Thanks for the today's reviews.
However it seems like NVIDIA decided to officially supporting the GTX 970 for only 3-way SLI, just like they did on the GTX 780 which also officially supporting only 3-way SLI. But maybe it is possible to mod the driver to support 4-way SLI just like some enthusiast did on the GTX 780.


> GTX 970 Technology Support:
> NVIDIA SLI® Ready          Yes (3-way)


http://www.geforce.com/hardware/desktop-gpus/geforce-gtx-970/specifications

If that's true, then these might need to fix:


> You may combine up to four GTX 970 cards in a multi-GPU SLI configuration. AMD recently switched to transferring CrossFire data via the PCI-Express bus, in order to handle 4K frames. NVIDIA's SLI has no such limitations, so there is no reason to use PCIe.

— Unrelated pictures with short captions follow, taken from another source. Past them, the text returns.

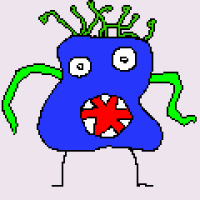 DobryKartograf
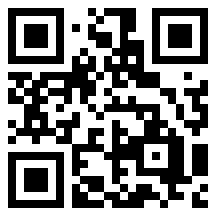 קוד QR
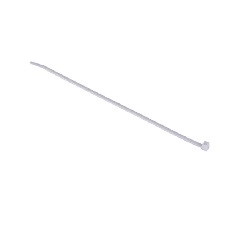 M-5120 | ABRAÇADEIRA PLÁSTICA T-10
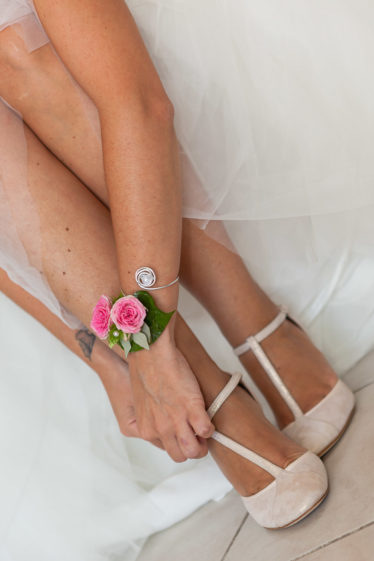 photographe-mariage-Marseille-photo-préparatifs-habillage-mariée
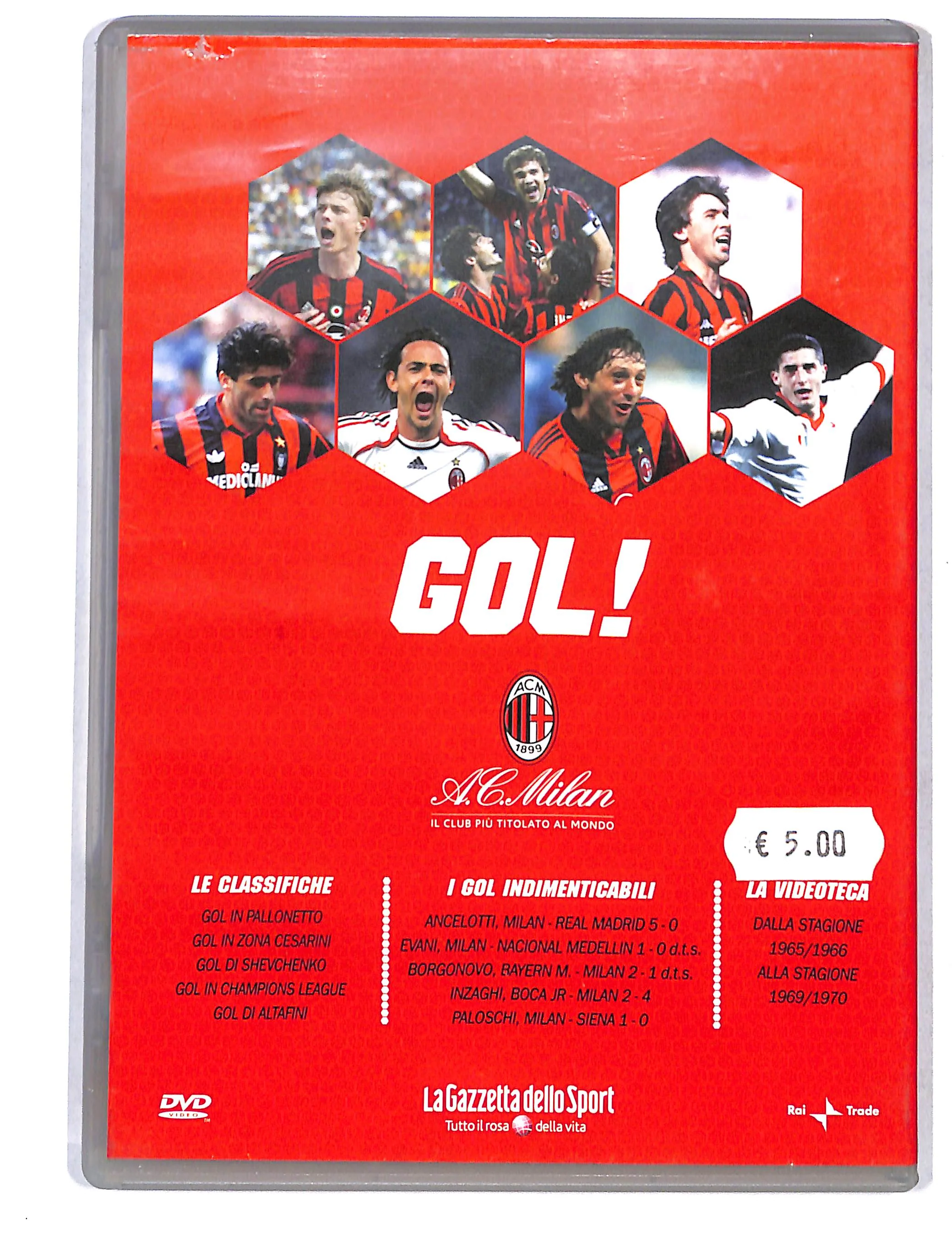 Immagine prodotto 2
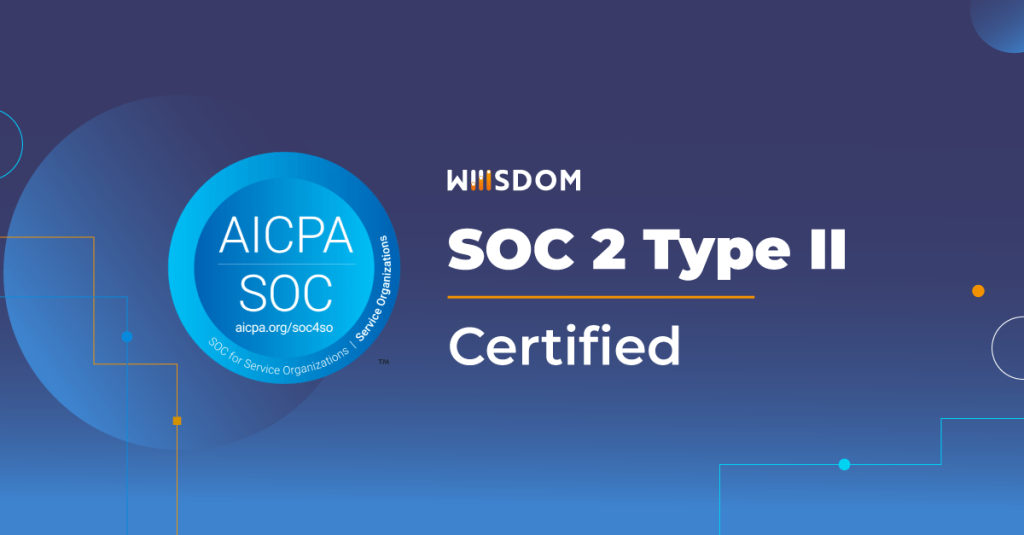 banner-wiiisdom-soc-2-type-2-certified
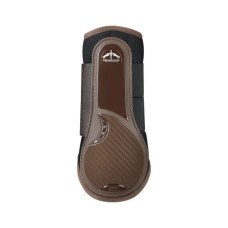 Ногавки задні TRC Vento High Brown від Veredus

http://www.techpowerup.com/reviews/ASUS/GTX_970_STRIX_OC/3.html
http://www.techpowerup.com/reviews/EVGA/GTX_970_SC_ACX_Cooler/3.html


----------



## Air (Sep 19, 2014)

Card looks amazing on all fronts. Maybe a little needlessy wide. Wont fit some itx cases.

Any chance we will see referente 970s in the market?


----------



## hardcore_gamer (Sep 19, 2014)

W1zzard said:


> exactly, and this is not something impossible.



Makes sense.


----------



## ne6togadno (Sep 19, 2014)

Air said:


> Card looks amazing on all fronts. Maybe a little needlessy wide. Wont fit some itx cases.
> 
> Any chance we will see referente 970s in the market?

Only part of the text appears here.